India’s new labour laws, set to take effect in 2026, could significantly change how employees are paid, work, and retire. From faster gratuity payouts as part of full and final settlements to clearer rules on working hours, layoffs, and social security, the four new labour codes aim to bring greater transparency, protection, and financial security for employees across sectors.
Gratuity in full and final settlement may come sooner after job exit under new labour laws (AI-generated image)
India is set to witness the biggest changes to its labour laws in decades, with the Centre having already cleared four new labour codes and states now preparing to notify their own rules under these laws. The central government last month announced the implementation of four labour codes, replacing 29 existing, older labour laws. These laws are aimed at simplifying regulations, expanding social security, and enhancing worker welfare.
The real impact of these labour codes – Code on Wages, 2019; the Industrial Relations Code, 2020; the Occupational Safety, Health and Working Conditions (OSH) Code, 2020; and the Code on Social Security, 2020 – for the average employee will only become clear when state governments issue their rules and companies implement them on the ground. It is expected that the effects of these changes will become clearly visible soon in 2026.
From an employee’s point of view, the questions are straightforward — will take-home salary increase, will working hours change, will gratuity come sooner, and will job security actually improve? Let’s understand these changes, one point at a time.
With the implementation of these codes, terms of employment, payment methods, retirement benefits, and working conditions will be more clearly defined and documented than before.
Salary: Emphasis on minimum wage and timely payment
The most significant change under the new Wages Code is that the minimum wage will now extend to all sectors. This means that whether you are an office worker or a factory worker, a contract employee or working in the unorganised sector, there will be a common framework for minimum wages.
For employees, this means that companies will find it more difficult to delay salary payments. Rules regarding overtime will also be clearer, and the expectation of fair compensation for overtime work will increase. The law also clearly emphasises equal pay for equal work for both male and female employees.

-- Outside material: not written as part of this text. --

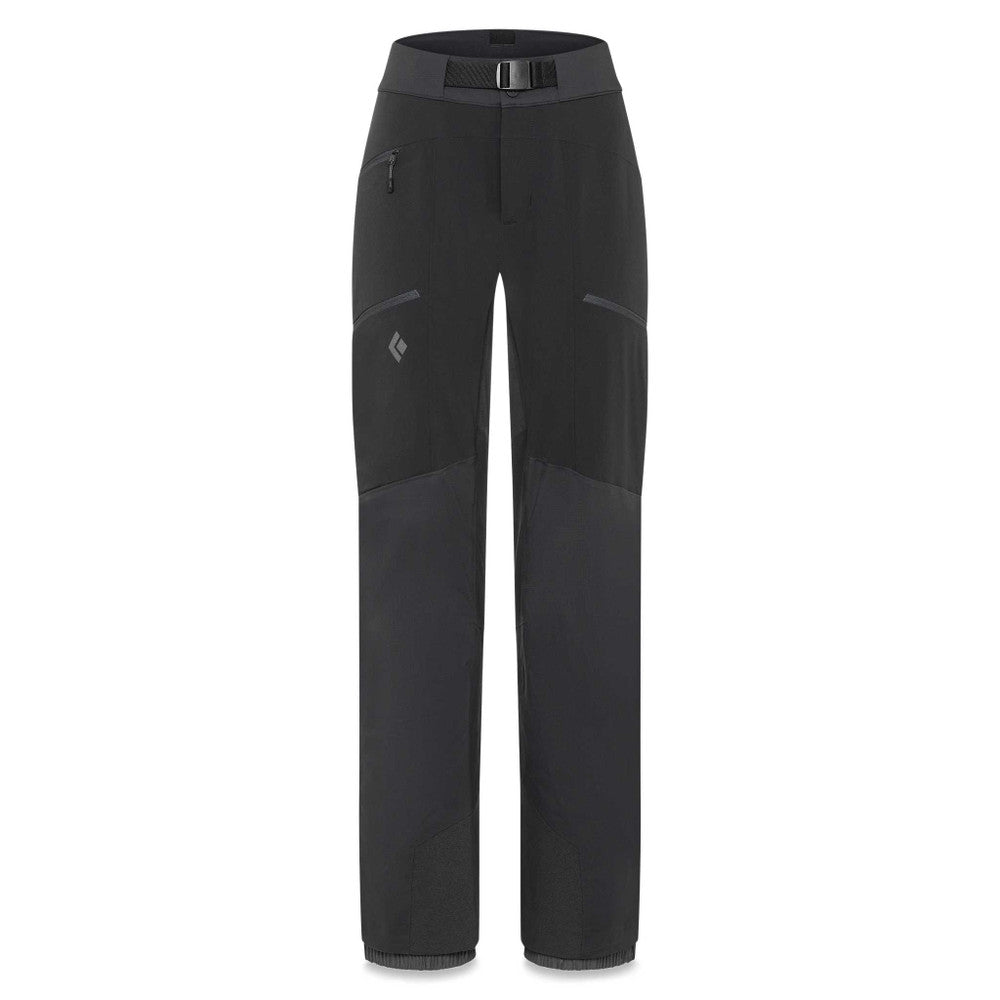 Dawn Patrol Hybrid Pants - Women's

Working hours: More flexibility, but with limits
Working hours have been the subject of much discussion. Under the new rules, the maximum working hours per week are capped at 48 hours, but daily working hours can range from 8 to 12 hours under a shift system.
This does not mean that everyone will have to work 12 hours every day. A model where employees work longer hours for four days a week and take the remaining days off could emerge in several sectors. This change is likely to be more visible in sectors like IT, logistics, manufacturing, and hospitality.
For female employees, providing security, transportation, and other facilities will be mandatory along with permission for night shifts, ensuring that flexibility does not come at the cost of safety.
Gratuity and retirement: The biggest change
The changes regarding gratuity in the new labour laws are considered the biggest and most beneficial for employees. Until now, five years of continuous service were required to receive gratuity, excluding a large segment of contract and fixed-term employees.
The new rules pave the way for including fixed-term employees within the scope of gratuity. In some situations, gratuity may even be granted after just one year of service. This will directly benefit employees who work on repeated contracts or whose jobs are not permanent.
It will now be more likely for employees to receive their gratuity as part of their full and final settlement when they leave their job. This can strengthen financial security during retirement and job changes.
Notice period and layoffs: Striking a balance
The Industrial Relations Code aims to protect employees from sudden job losses on one hand, while also giving companies the freedom to make decisions as needed on the other.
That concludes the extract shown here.